National Aboriginal Day, also known as National Aboriginal Solidarity Day, is a day to recognize the contributions of First Nations and for all Canadians to commit to reconciliation and closing the gap in the quality of life between First Nations and Canadians.
“National Aboriginal Day is an opportunity for First Nations and Canadians to join together and celebrate First Nations peoples, languages and cultures,” said Assembly of First Nations National Chief Bellegarde. “Just two weeks ago Canadians had their eyes opened by the Truth and Reconciliation Commission’s report. We ask all Canadians to open their minds and hearts as well and consider their role in reconciliation and the work we need to do together to close the gap in the quality of life between First Nations and Canadians.”

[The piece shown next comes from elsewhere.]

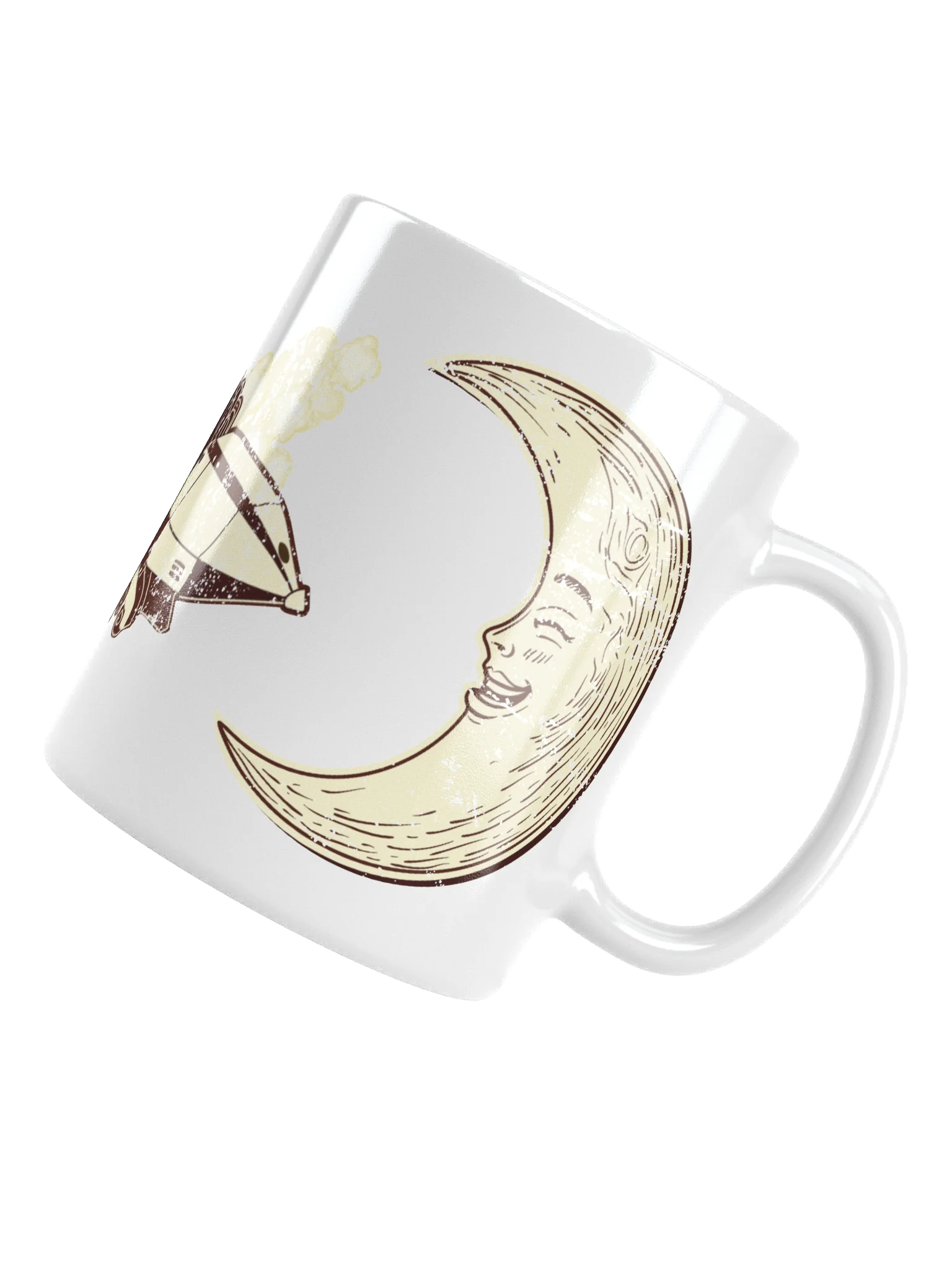 The Moon Mug product image (5)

National Aboriginal Day will be marked with feasts, festivals, concerts, cultural gatherings and ceremonies across Canada. The National Chief encourages everyone to participate in events and for non-Indigenous Canadians to use this as an opportunity to learn more about First Nations peoples and issues.

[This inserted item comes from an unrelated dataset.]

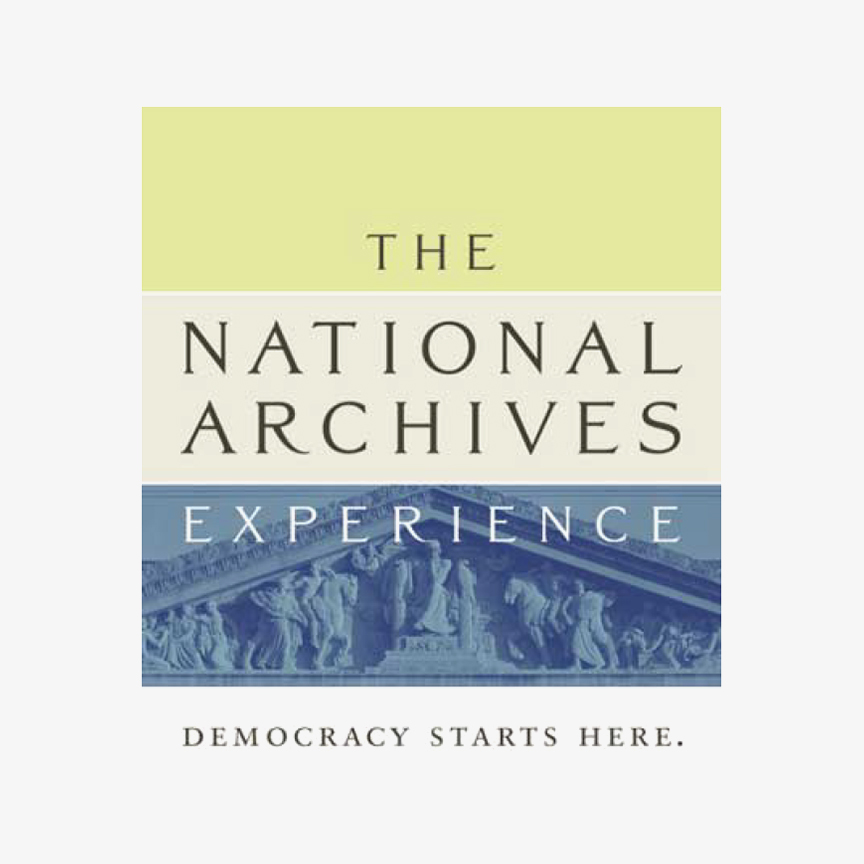 National Archives Experience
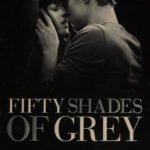 Download Fifty Shades of Grey Book PDF For Free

“We have a shared history and a shared responsibility to our shared future,” said National Chief Bellegarde. “Our original relationship is based on peaceful coexistence and mutual respect – to jointly benefit from sharing the land and resource wealth of this great country. Those values should guide the way forward. On behalf of the Assembly of First Nations and the National Executive, I want to wish everyone a festive and celebratory National Aboriginal Day.”
National Aboriginal Day is a time for all Canadians to celebrate the beauty of Aboriginal cultures and their many contributions. The Canadian Race Relations Foundation (CRRF)’s recent survey on Views of Aboriginal Peoples in Canada, conducted by Leger Marketing, indicates that almost half of all Canadians are concerned about relations between Aboriginal and non-Aboriginal peoples. The survey also showed that those reporting greater contact with Aboriginal peoples are more likely to have more positive views of Aboriginal peoples.

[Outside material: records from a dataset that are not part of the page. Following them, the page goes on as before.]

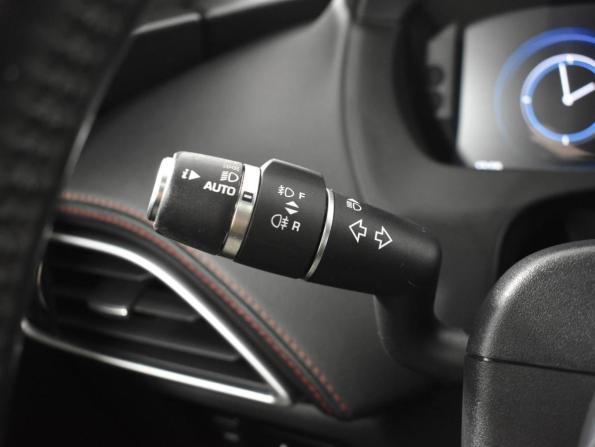 Jaguar F-Pace I с пробегом 2016 года, цена 2 175 000 рублей, 187111 км, внедорожник, Автокод Объявления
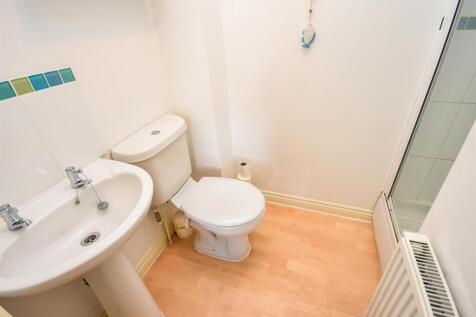 En Suite.JPG
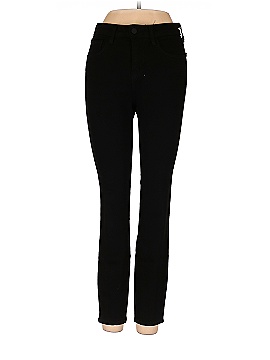L'Agence Jeggings (view 1)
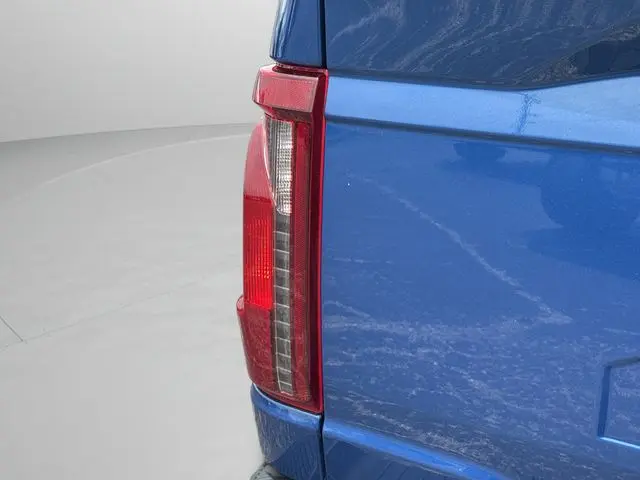 2024 Ford F-150 - $37,412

“This is a particularly poignant time with the Truth and Reconciliation Commission of Canada’s closing events in Ottawa, May 31-June 3, 2015. The CRRF recognizes the significant contribution of the Commission’s work to our collective future based on respect and inclusion,” said CRRF Executive Director, Anita Bromberg from Ottawa earlier this month.
Show your support by attending a National Aboriginal Day in your area.
Aboriginal Canadians are the main organizers when it comes to developing and hosting NAD events, but government support and mainstream society’s willingness to get aboard the celebration train to honour and remember the deeds and achievements of Canada’s Aboriginal peoples, has done much to enhance the popularity of the holiday.
Last year more than a million and a half Canadians attended or participated in over 1200 National Aboriginal Day events that were held across the country. Figures indicate that the numbers of people attending the events has been rising steadily over the years. And that’s good news for festivity organizers who utilize the special day not just to introduce and teach the general public about Native lifestyle and culture, but also to celebrate such things as community and individual achievement, economic development initiatives, academic achievement at the end of another school year, historical site restorations, new creations, saluting community Elders, remembering war veterans, and more.